Aldermen Proco “Joe” Moreno, 1st, and Roberto Maldonado, 26th, are drafting an ordinance that would increase the demolition fee for residential properties and charge a deconversion fee when multiple-unit buildings are turned into single-family homes within a still-unspecified area.
Maldonado said the aim is to preserve existing housing stock and affordable housing in areas near The 606, the popular bike and pedestrian trail built on an old elevated railroad line.
“It is to try to put a brake on the pace of gentrification that is going on to the north and south boundaries of The 606,” he said. “It’s twofold — to slow down the pace of gentrification and to create a fund for those existing homes to be improved for home and building owners and their tenants.

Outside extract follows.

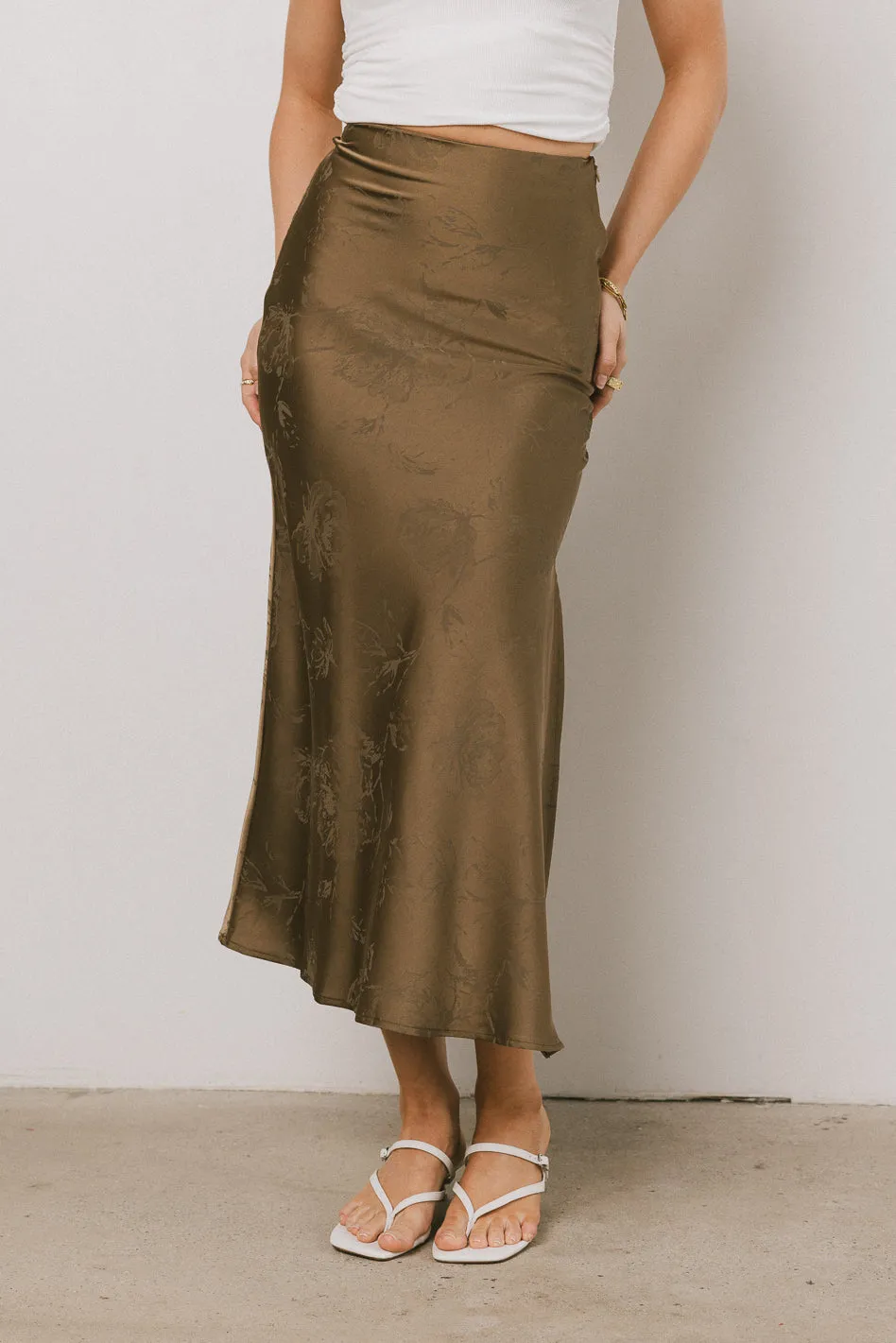 Ellie Floral Maxi Skirt in Olive - FINAL SALE sold by bohme product image thumbnail 2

“If the developers are really willing to buy existing properties and want to demolish them to build higher-end new properties, making it almost impossible for neighborhood people to afford them, they will have to pay a premium demolition fee.”
Such fees are assessed on a per-square-foot basis.

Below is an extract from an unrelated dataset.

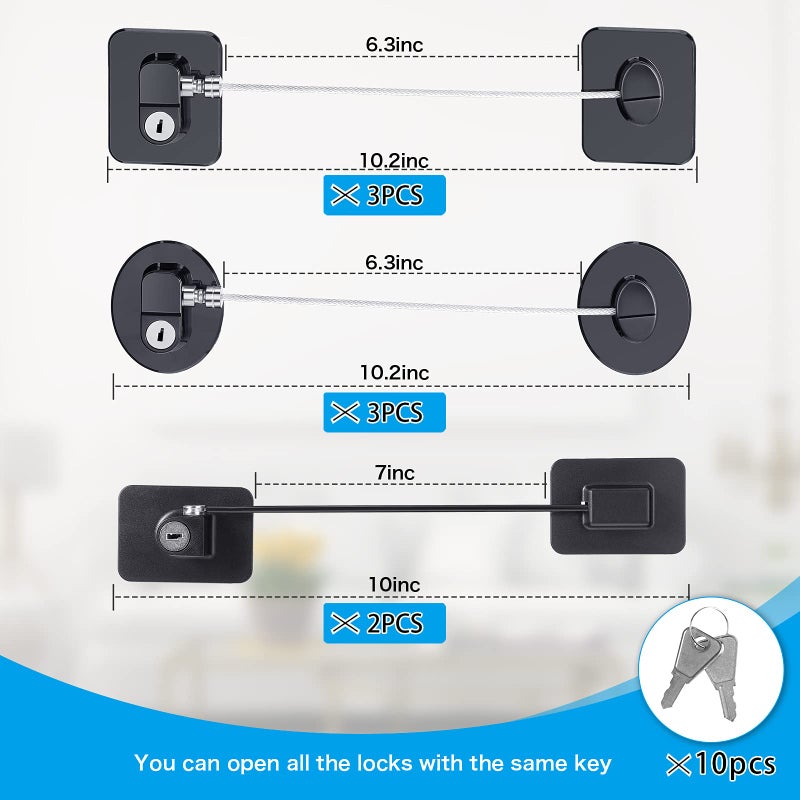 Hotop 8 Pieces Refrigerator Locks for Children Adults with 10 Keys, Fridge Lock, Freezer Door Safety Cabinet Lock and Child Safety Cabinet Locks with Strong Adhesive (Black) - Image 2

A proposed ordinance could be introduced at a City Council meeting later this month or possibly in April.
Maldonado and Moreno said they are working on the proposal with Ald. Carlos Ramirez-Rosa, 35th, and the Logan Square Neighborhood Association.

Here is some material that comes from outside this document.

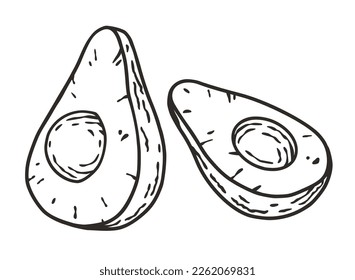 Avocado fruit or exotic eco element for vegetarian menu. Vegetable organic nature ingredient for food market.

The discussions were first reported by Chicago Cityscape.
Areas west of Western Avenue are of particular concern to neighborhood activists and local officials. “That area is starting to heat up,” said Raymond Valadez, Moreno’s chief of staff.
Between when construction of the trail began in 2013 and 2016, housing prices near the part of The 606 west of Western Avenue rose by 48.2 percent, according to a study published last year by the Institute for Housing Studies at DePaul University. Just between when the trail opened in 2015 and 2016, prices rose 9.4 percent.
Already-gentrified areas east of the trail saw housing prices increase 13.8 percent between 2013 and 2016, and by 4.3 percent since it opened.
Those neighborhoods are now at risk, as buyers look to those areas to build luxury apartments and condos or convert multiunit buildings into high-priced single-family homes, said Geoff Smith, executive director of the Institute for Housing Studies, who wrote the study.
“The two-, three-, four-unit component of the housing stock has historically been an important part of Chicago’s housing landscape,” Smith said. “And very recently in the last five to seven years, we’ve seen it decline for various reasons, it’s under threat.”
Smith noted those kind of multifamily, small, multiunit affordable housing buildings aren’t built anymore and “it’s important for low-income families,” he said. “It’s important for us to try to preserve the stock as much as possible.”